Bon. Le chat sort du sac. Pour Pow Pow, 2013 est aussi l’année des scènes de cul. Si Les deuxièmes fait couler autant d’encre, c’est notamment en raison de sa « partition sexuelle » qui s’étire sur près de vingt pages. « Des pénis », confirme Zviane, « évidemment que ça va attirer l’attention ! » Mais elle se défend bien d’en avoir dessiné autant dans le simple but de faire jaser. En fait, cette idée d’ébats musicaux lui vient en tête alors qu’elle a déjà réalisé une bonne partie de son découpage. « Ça m’était égal que ça ait ou non un lien avec l’histoire, parce que c’est vraiment l’idée en tant que telle qui m’inspirait. »
Au début du projet, c’est plutôt l’architecture qui l’intéresse. « Tout a commencé quand j’ai reçu une circulaire pour une compagnie de meubles de luxe », explique-t-elle, « pleine de photos de chalets avec des fenêtres immenses pis des beaux divans. » Elle se met alors en tête de dessiner ce genre de décor. « C’est avec Les deuxièmes que j’ai appris à faire de la perspective ! » Mais quand elle y repense aujourd’hui, Zviane se dit qu’elle a coupé les coins ronds. « Je pense que j’aurais pu aller beaucoup plus loin, avec le design du chalet. » Qu’à cela ne tienne. Le livre remporte tout de même le Grand prix de la ville de Québec, en plus de lui valoir un Joe Shuster Award.
De son côté, Sophie Bédard a déjà terminé deux tomes de Glorieux printemps et continue de publier de nouveaux chapitres sur son blogue à raison d’à peu près un par mois. « Rendu au troisième tome, je savais un peu plus où je m’en allais avec ça », raconte Sophie. Sa série récolte de multiples nominations aux Prix Bédélys et Bédéis Causa et, même si elle ne remporte rien, ça ne semble pas affecter son moral. Elle se présente au Salon du livre de Québec armée d’un ukulélé que Zviane lui a prêté et chante durant toute la semaine son légendaire succès « c’est l’fun Québec/Québec c’est l’fun. »
Mais ce sourire radieux cache, bien évidemment, une profonde souffrance. « J’étais en train de me scrapper le bras », se rappelle-t-elle, « et je considérais un retour aux études parce que je croyais que je ne pourrais plus jamais dessiner. » À 22 ans, la jeune Sophie Bédard pense à ranger ses crayons pour de bon. « Tout le monde me faisait des suggestions, me proposait des solutions… et j’ai fait tout ce qu’il fallait faire physiquement avant de me rendre compte que mon problème était psychosomatique. » Mais tsé, elle venait aussi de dessiner trois livres en deux ans.
Francis Desharnais et Pierre Bouchard, pour leur part, terminent la trilogie des Motel Galactic avec un ultime épisode intitulé Comme dans le temps dans lequel le Pierre Bouchard du futur ramène finalement le Pierre Bouchard du passé jusqu’à son époque – qui s’adonne à être notre présent.
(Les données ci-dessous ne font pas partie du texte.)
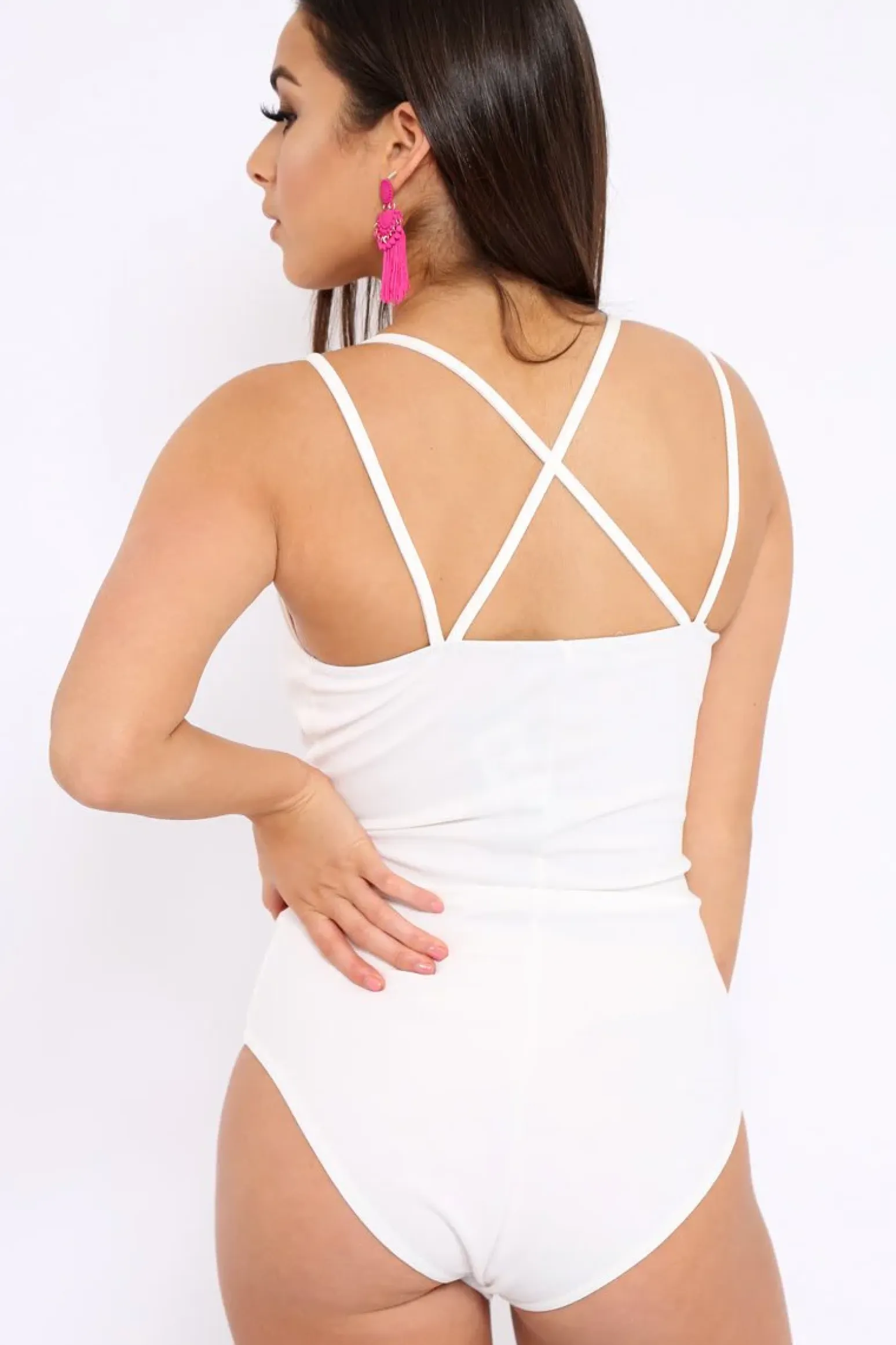 Rebellious Fashion White Cross Over Cut Out Bodysuit - Safia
Si vous n’avez pas lu les livres, peut-être que c’est un peu dur à suivre. Mais toujours est-il que, pour célébrer ça, Luc décide de fabriquer une quarantaine de coffrets de bois qui sont peints à la main par Pierre. Ceux-ci sont dévoilés au public lors d’une exposition organisée à la galerie Morgan Bridge, à Québec. Gros party. Tout le monde est là.
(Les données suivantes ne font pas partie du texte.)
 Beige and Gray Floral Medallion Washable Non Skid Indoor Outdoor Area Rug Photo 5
C’est aussi en 2013 que Pow Pow publie pour la première fois un p’tit jeune du nom de Guy Delisle. Croquis de Québec rassemble, comme son titre l’indique, les dessins réalisés par l’auteur de Pyongyang dans le cadre d’une résidence dans sa ville natale. « C’est Thomas-Louis Côté du Festival de bande dessinée de Québec qui m’a proposé de publier ce livre-là », m’explique Luc. « Guy est un auteur à surveiller », m’annonce-t-il sur un ton prophétique, « je pense qu’il va aller loin. » Seul l’avenir nous le dira.